Desde pequena, quando eu falava algo, eu me fazia ouvir. Eu me impunha e me fazia ser ouvida. Como a minha avó, eu ganhei meu espaço dentro do respeito dos homens da minha família. Nunca senti isso como um esforço, era natural para mim, já que com o tempo eu apenas precisei existir. Também era assim na escola. Eu sempre fui ouvida com meus amigos meninos: o espaço que eu criava a primeira vez era sempre respeitado. Até mesmo jovem, com 20 e poucos e tantos anos, eu sempre fui ouvida.
Minha mãe sempre diz que criou filhos com opinião própria, que pensam por si mesmos, que reúnem informações e chegam a conclusões pessoais. Eu sempre respondi que, então, ela tinha que aguentar isso. Eu não sabia que o mundo também tinha que aguentar.
Eu não sabia que eu tinha que ser combativa o tempo todo.
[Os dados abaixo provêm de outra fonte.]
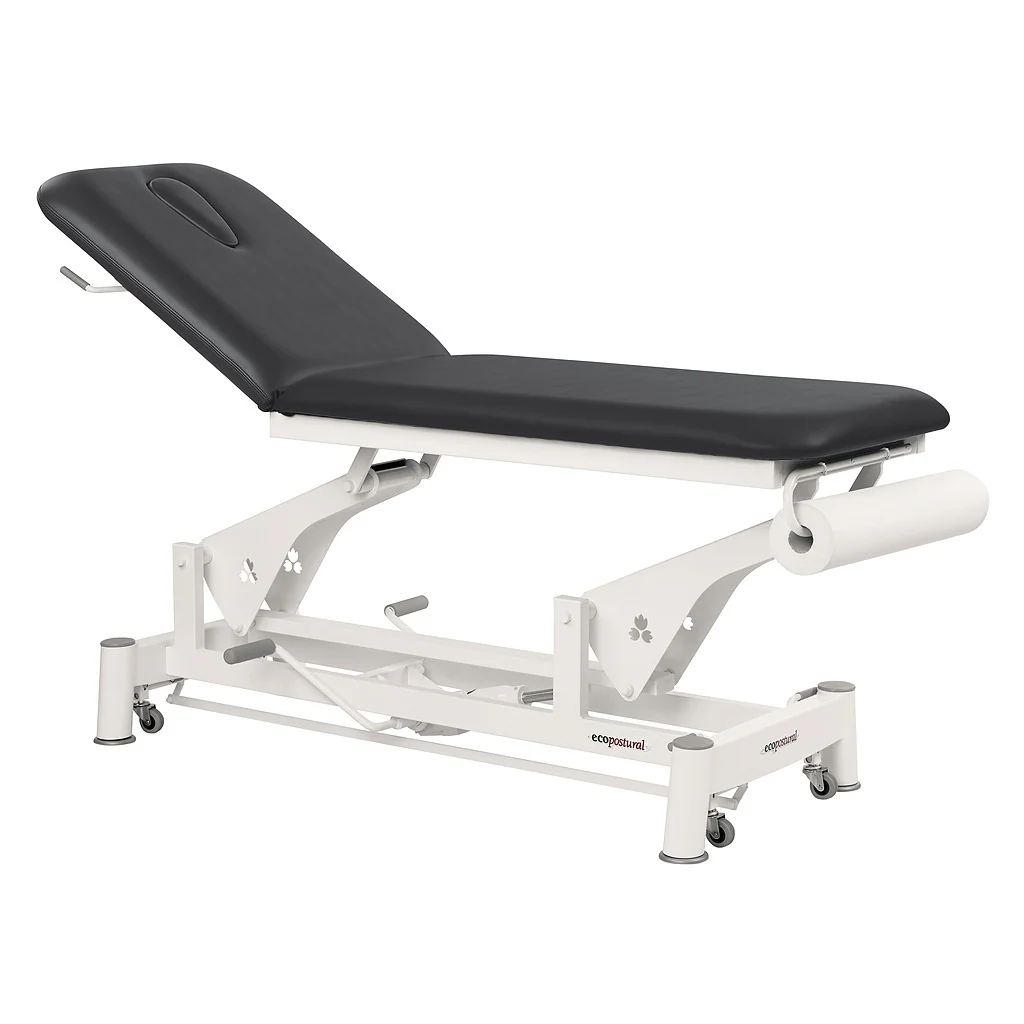Table de massage 2 plans C5733 Ecopostural - Image 8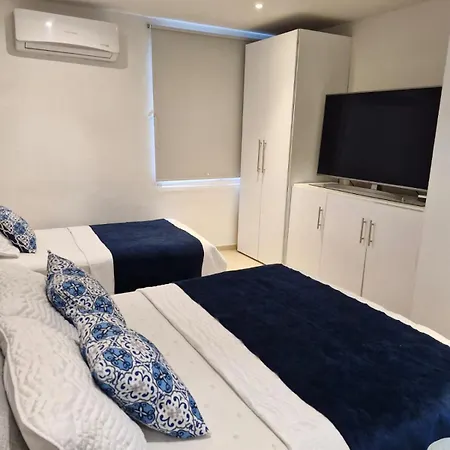 Turisticos Ctg Apartment Cartagena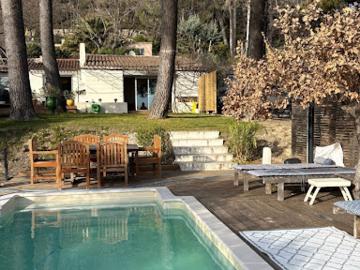 Location Maison 5 pièces 130.54 m2 Eguilles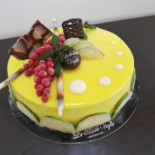 Le Mille Voglie Nourriture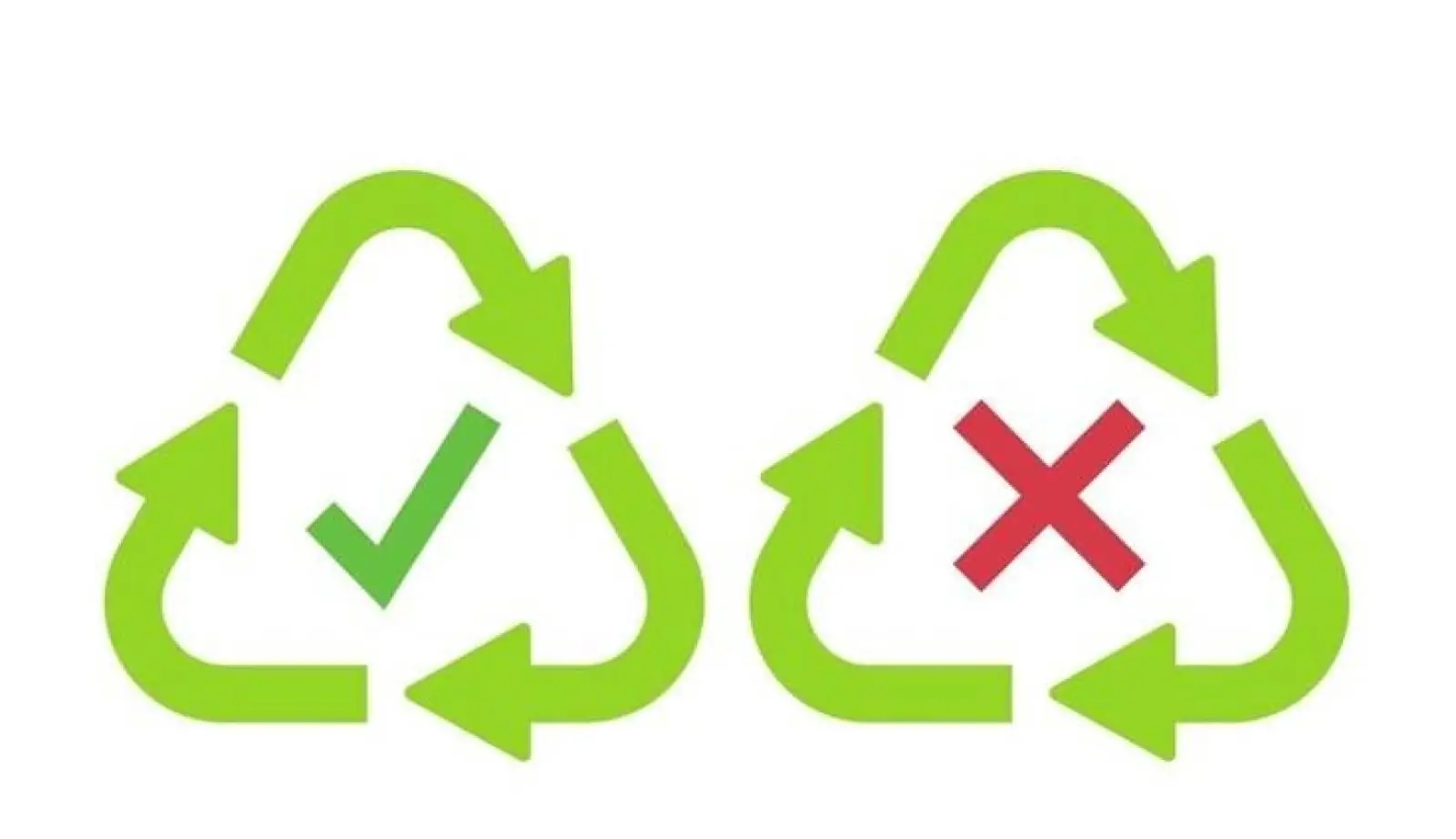 Gastos com reciclagem não geram créditos de Pis e Cofins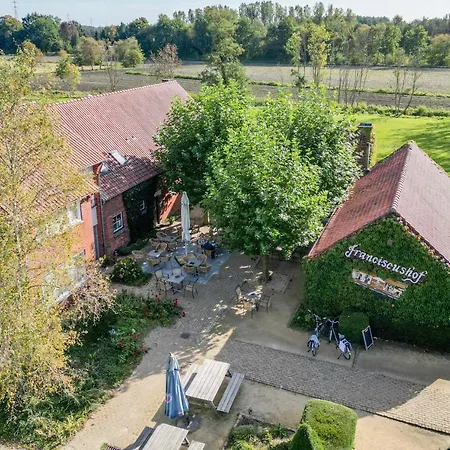 Franciscushof Casa vacanze Neerpelt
Que eu não poderia relaxar e só dar a minha opinião, e ser respeitada por ela. Eu não sabia que eu teria que ganhar meu espaço o tempo todo, e mesmo assim teriam homens que não aceitariam eu ter meu espaço.
Crescendo numa casa em que eu sempre tive meu espaço, em que um empurrão metafórico e retórico no outro já me dava a abertura necessária para ser eu mesma, eu não levei em consideração que teriam homens “lá fora” que não pensam igual aos homens da minha família. Que não admiram nem respeitam mulheres, que não nos tem no mesmo patamar que eles. Que nos querem caladas e concordando com eles, e vão nos testar o tempo todo pra ver se não os empurramos metaforicamente com nossas opiniões.
E eu sempre empurro. Às vezes até dou um murro ou outro. Eles não gostam disso. Principalmente sobre minhas opiniões políticas. Quando sabem que sou de esquerda, eles sempre querem me convencer de que o posicionamento político deles é o certo, apresentando inúmeros argumentos do porquê estou errada e porquê eu deveria “mudar de lado”. Eu nunca pedi essas conversas. Eu não estava conversando sobre isso. Eu nunca vou conversar sobre isso com essas pessoas. Eles simplesmente acham que é ok invalidar minha opinião, acham que eu “não sei tudo”. E quando eu devolvo a retórica, eu sou arrogante, prepotente e dona da verdade.
E sou mesmo. Esses caras não aguentariam 1 minuto dentro da minha casa. Meu irmão é o próprio Aristóteles da Alfredo Maia. Apresente um bom argumento que me faça mudar de ideia, e vou considerar. Mas não adianta falácias e opiniões vazias. Eu sempre exijo dados com fontes confiáveis. Eles não têm esses dados (até porque raramente existem).
E tem sido cada vez mais difícil encontrar alguém que simplesmente me considere como uma pessoa. Um ser humano digno de consideração. Eu tenho opiniões demais. Sou assertiva demais. Quero ir embora de lugares em que não me sinto confortável. Falo coisas estranhas e não engajo em conversas que não me interessam. Eu sei o que todos esses caras pensam de mim: chata. Estranha. Desconfortável.
Mas cada vez mais tenho preferido ser eu mesma, causar desconforto, ficar com cara de merda, do que dar meu espaço pra um homem que não me respeita. E que consequentemente eu não respeito. Pra ter meu respeito é preciso me respeitar. É assim na minha família, em que todos me respeitam. É assim com meus amigos, é assim com todas as pessoas que convivo. Todos eles me respeitam e eu respeito eles. Eu considero a opinião deles porque acho que o que eles trazem é interessante, que é leve e engraçado. E tenho certeza que eles pensam o mesmo de mim. Pelo menos, espero.